Most of what EIDR enables is exclusive to the workings of the film/TV production and distribution industry so we can’t see it. But we do see the benefit as consumers. EIDR helps the sector supply chain to function more effectively in a world that is now entirely digital and no longer reliant on celluloid - although, of course there are still many thousands of celluloid masters locked away in film vaults. EIDR supports accurate rights tracking and reporting down to the level of clips and composites across multiple languages/geographies, universal search and discovery, and detailed consumption metrics. It helps to ensure audiences see the correct language version in their local cinema or on their mobile phone, and that the right people get paid the correct amounts for their work. It’s easy to see parallels based on a similar registry for digital specimens in the natural science collections sector. Whilst we don’t broadcast specimens, we do carry out integrated analyses and synthesis based on the data they contain.
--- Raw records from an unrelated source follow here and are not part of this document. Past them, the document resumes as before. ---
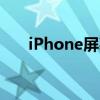 iPhone屏幕失灵问题解析与解决方案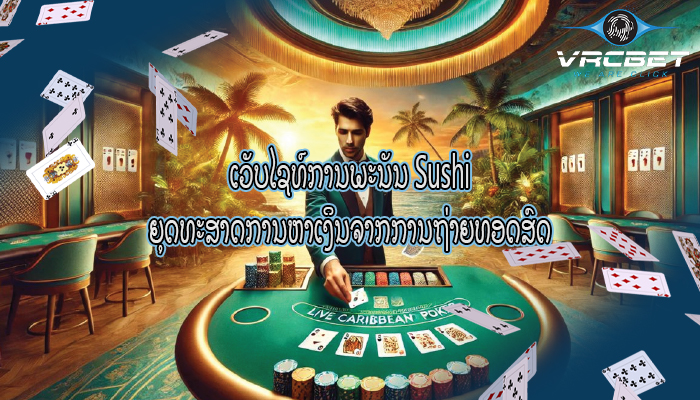 ເວັບໄຊທ໌ການພະນັນ Sushi ຍຸດທະສາດການຫາເງິນຈາກການຖ່າຍທອດສົດ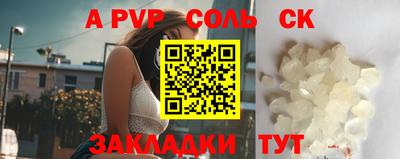 СК Коммунар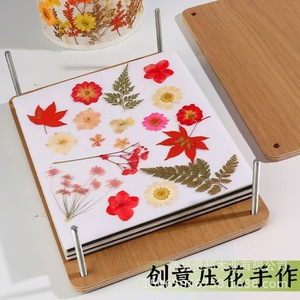 <b>Diy</b> Flower Pressing Tool Wooden Plant Specimen Making <b>Kit</b> With Absorbent And Pressing Boards For Home Crafts - Product Image 3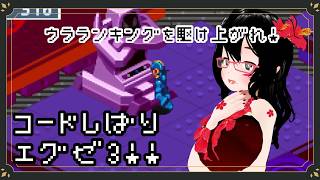 【エグゼ3】ワルを探してシバキ上げろ！　#ロックマンエグゼアドバンスドコレクション 】パート9　【バ美肉】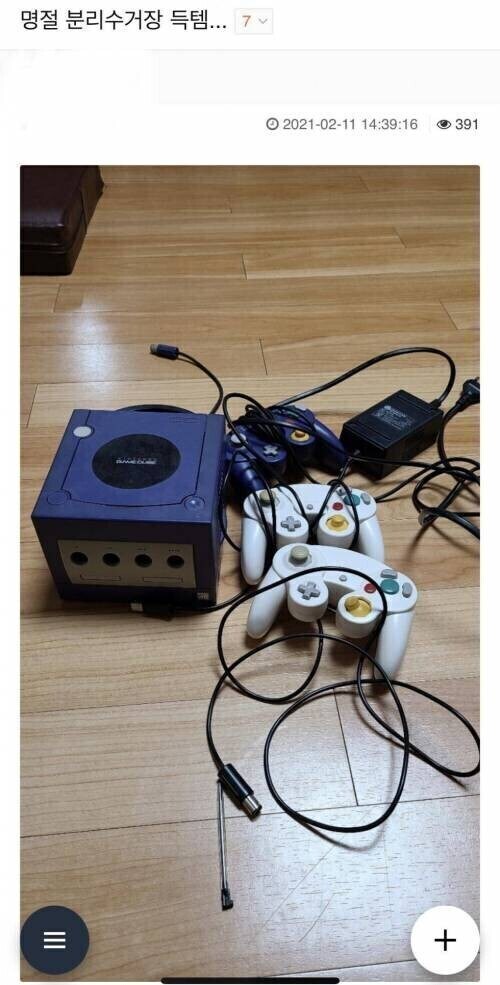 명절 분리수거장 득템.jpg_1.jpg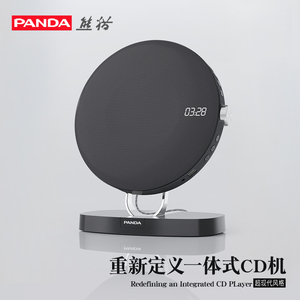 PANDA熊猫CD63发烧级音响一体机 高音质蓝牙CD播放机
But as @abentley says, it needs everyone to play the same game. The rules and mechanics must be as simple as possible so players can engage easily and cheaply, building up their responsibility over time as it becomes apparent how their ROI increases.
A transactional method of publication, which the openDS concept represents can achieve this. Open Digital Specimens are mutable objects to which operations (transactions) can be applied. Some of those operations attach things to the DS, like annotations while others can modify/improve the object content itself or make links between the DS and other DSs or to third-party data, such as sequence data or trait data. As the number of openDS increases, services that assist linking and exploit it increase in value to the community as a whole.
Whether a blockchain approach is appropriate or helpful depends on multiple design factors. The most important ones are governance model and storage/implementation model. What is needed to govern and implement a ‘cloud of digital specimens’? We should think about and discuss these first, probably in the Making FAIR data for specimens accessible topic.